大事に読もうと思っていたのに2日間で松風の家を読破してしまった。なにやらとても心揺さぶられる小説だった。どこまでが本当の話かはわからないが十分にありえた時代背景の話。ファンからの反感覚悟で言えば小生にとって東野圭吾村上春樹のような流行作家の作とは読後のずしりとした残りかたが違う。

あれは福田和也か坪内何某だったか。「松風の家」は裏千家に忌み嫌われているなどと言っていたのは。小説を読めば尊敬こそすれ、一新後の困窮を今の威勢と比較して笑うような気持ちは沸かないと思うのだが。出生の定かでない庶子なんてのも昔のそれなりの大きな家ならばそんなに珍しいことでもない。

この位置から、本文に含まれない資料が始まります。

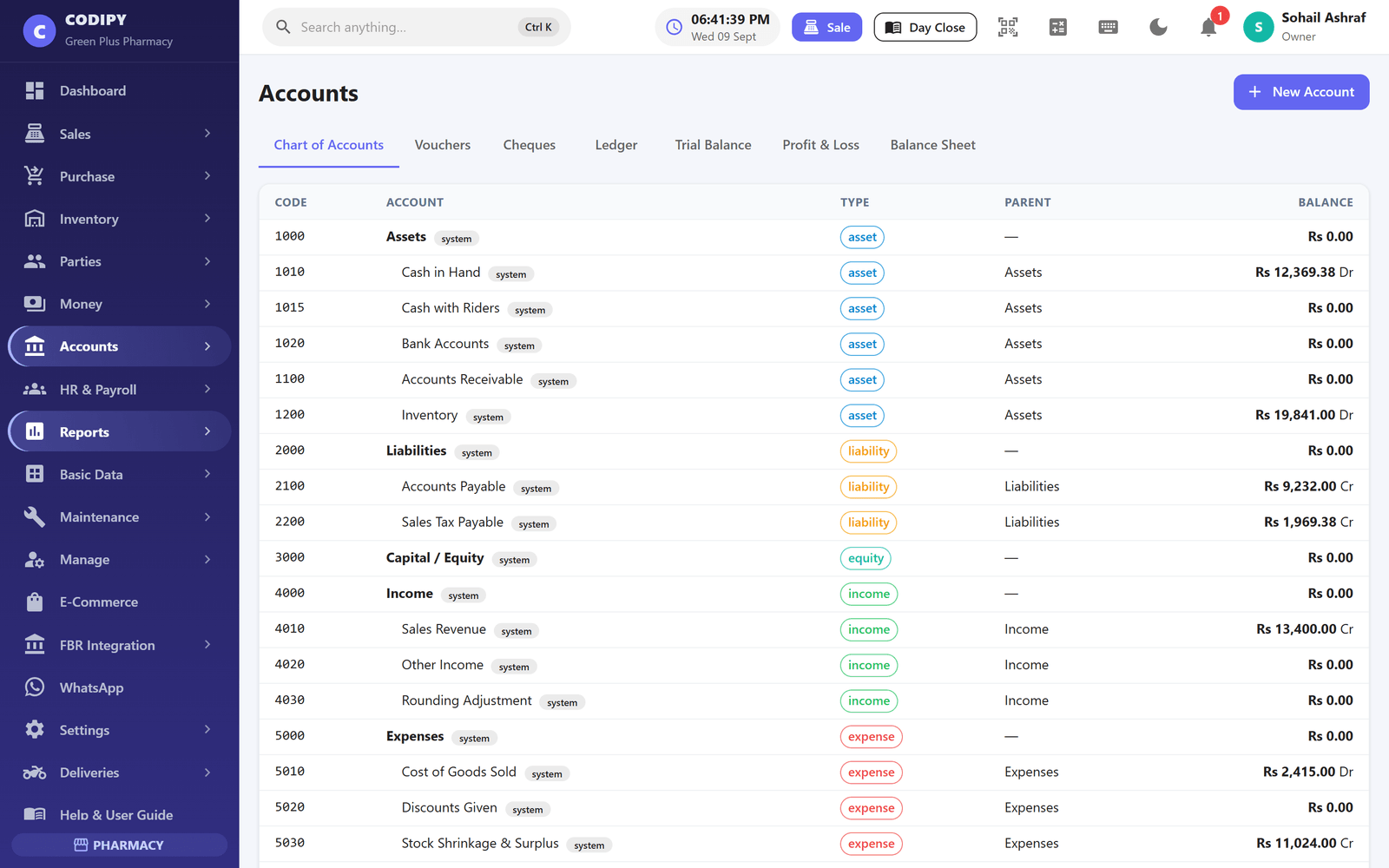 The accounting screen showing double-entry ledgers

宮尾登美子の筆が旧家の内情を暴露するとか、気位高く振舞う今の茶家を貶めるような俗な気配を全く帯びていない。読後には寂しくも清々しい心が残る。

不秀という茶名を持つ業躰の生き様が何とも爽やか。家の守り観音あるいは人柱として垣のうちに生きた由良子、厳しい旧家の慣習に心砕かれる益子、温もりに餓え宗室の地位と家族を捨てた恭又斎、男としての厳しさをもって生きざるを得なかった猶子、ひとつの時代の終焉を象徴する沙代子。数多くの登場人物それぞれに光を当て、愛憎渦巻く人間模様を誰一人悪役にすることなくいたしかたないそれぞれの心情を描き切っている宮尾登美子の凄さが改めて伝わる。


昔の人が持ちえていたような辛抱や忍耐、幼少から一つの道に精進して到達して得られるような境地はもう現代に生きる人には滅多に手の届かないものとなりつつあるのではないだろうか。情報も選択肢も無数に与えられているだけに大切なものが見えづらくなっているということかもしれぬ。自分は30歳にもなって何を修めたのかと思うと沈鬱とした気分にもなる。